Было, конечно, необходимо уменьшить потери между офицерами, в которых начинал чувствоваться недостаток, но разрешение одеваться как попало, было как бы поощрением неряшества, а это в военной среде не должно быть допустимо. Японцы дрались не хуже нас, но мы их редко видели, и еще реже удавалось нашим отборным стрелкам взять японского офицера на прицел, потому что они умели применяться к местности, а между тем все они, и нижние чины, и офицеры, были всегда одеты по форме, и даже с особою щеголеватостью.

Впереди отряда казаки несли на носилках раненых сегодня в бою, одного офицера-артиллериста, военного корреспондента Толузакова[40] и нескольких казаков. Из соседней деревни прибыли им на смену китайцы, нанятые ординарцем генерала. Китайцы шли немного быстрее казаков, но галдели во все горло, точно хотели перекричать друг друга, что раздражало раненых.

Отряд вернулся в Саймацзы в сумерки. В нашем дворе уже разместились офицеры 2-го Аргунского полка.
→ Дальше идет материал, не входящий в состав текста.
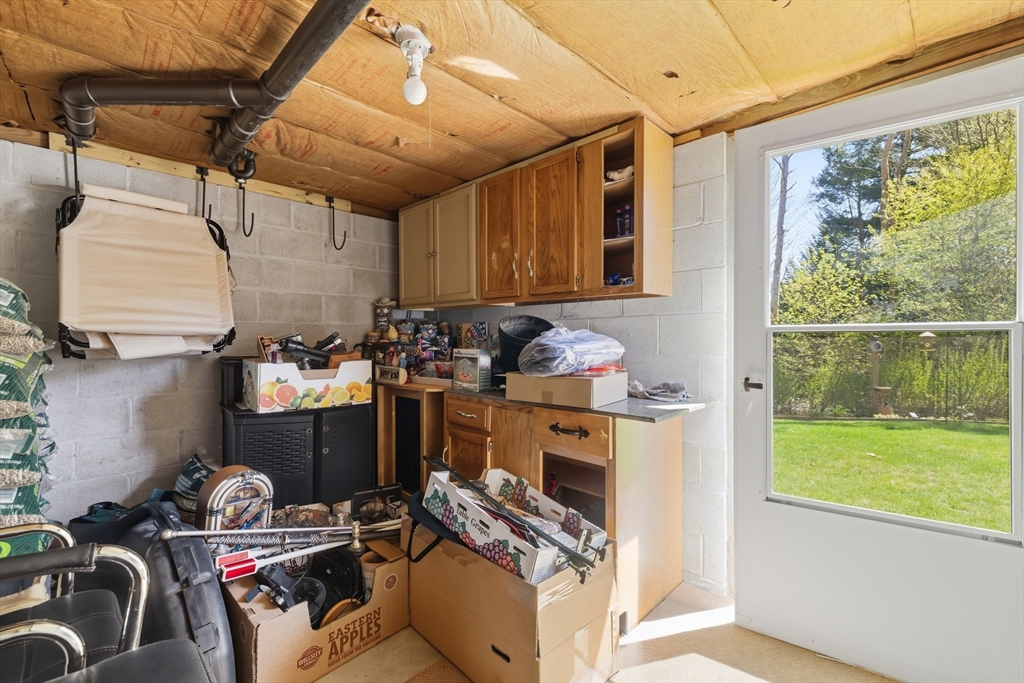 284 N Woodstock Rd, Southbridge, MA, 284 N Woodstock Rd, Southbridge, MA Photo #30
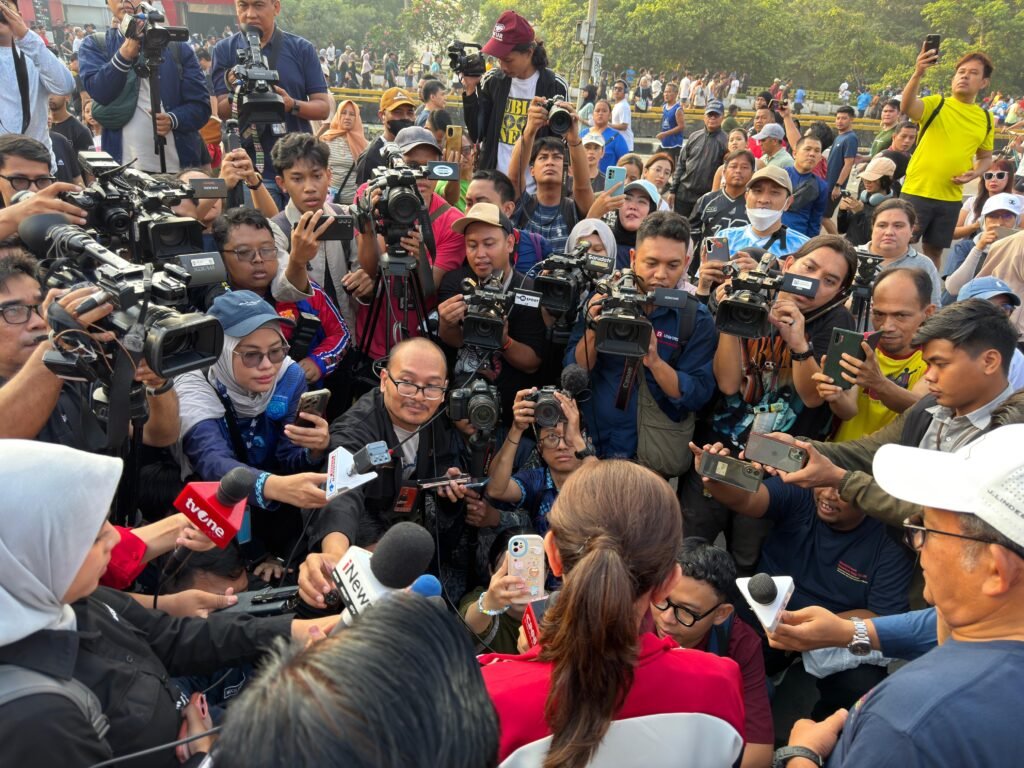 jurnalis saat melakukan peliputan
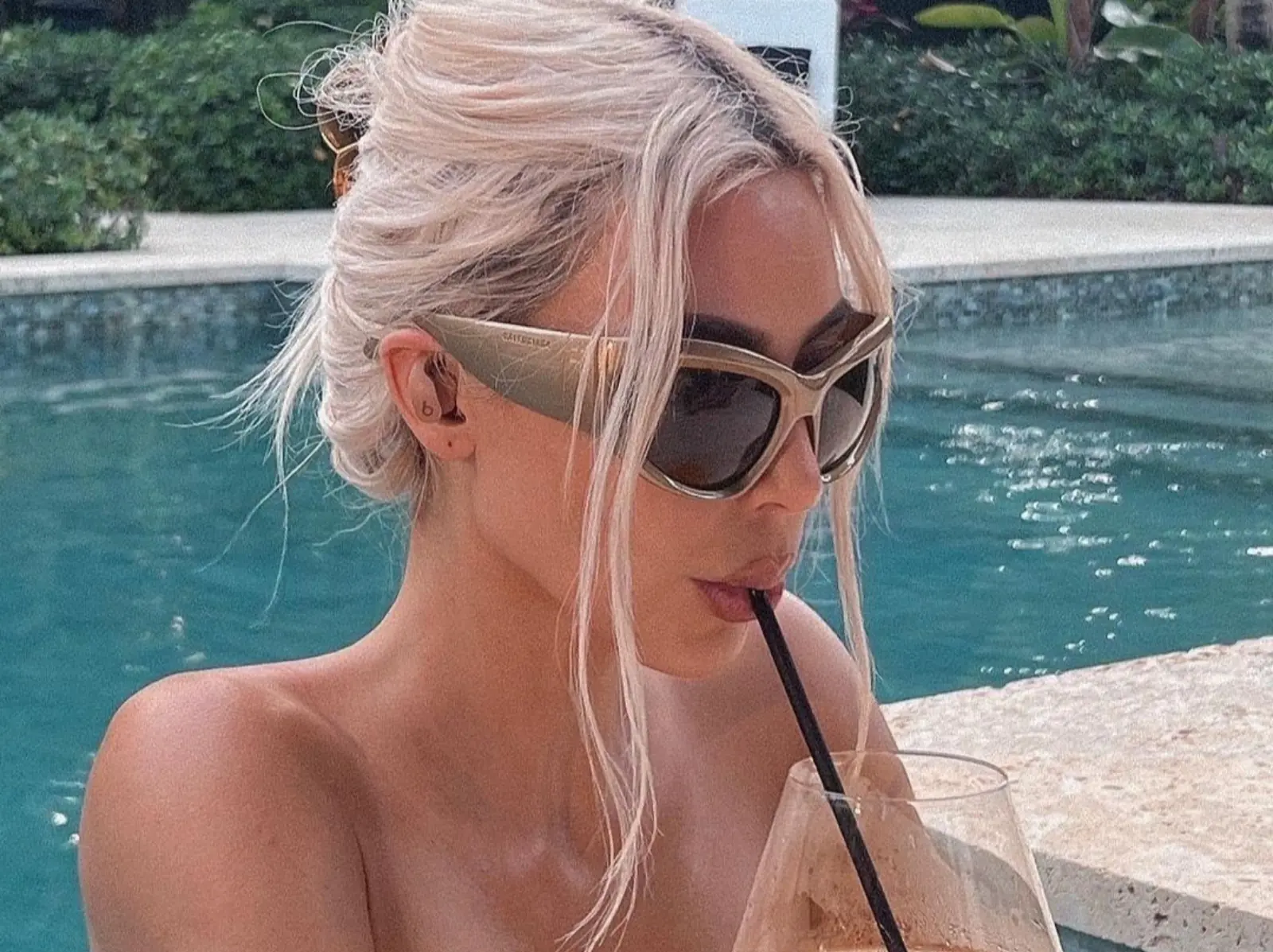 金卡戴珊 Kim Kardashian 修圖被抓包，這裡一秒變瘦引網酸：「怎麼都不會尷尬？」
Пепино и назначенные мне от третьей сотни вестовые укладывали вещи, не знали они только, что делать с обедом, заготовленным на несколько человек. Нужно нам было перебраться в город на прежние квартиры. Я поехал вперед, чтобы выбрать помещение; пришлось удовлетвориться довольно грязной фанзой, – лучшие были уже заняты. Пока казаки и китайцы прибирали и чистили ее, я отправился к командующему полком и просил его разрешения сдать в полковой вьючный обоз часть моих вещей до приобретения второго мула. Трухин ответил, что он ничем не может мне помочь, потому что нет колесного обоза, а вьюки все заняты. Меня поразила какая-то беспомощность в штабе полка: они голодали целый день, и, кроме чаю, ничего у них не имелось поесть, лошади должны были тоже довольствоваться одним гаоляном. Я поделился своим обедом с командующим полком и его штабом. Казначей Мотыгин нашел возможным взять в полковой обоз мои два мешка с консервами, когда я предложил за эту услугу дать половину консервов штабу.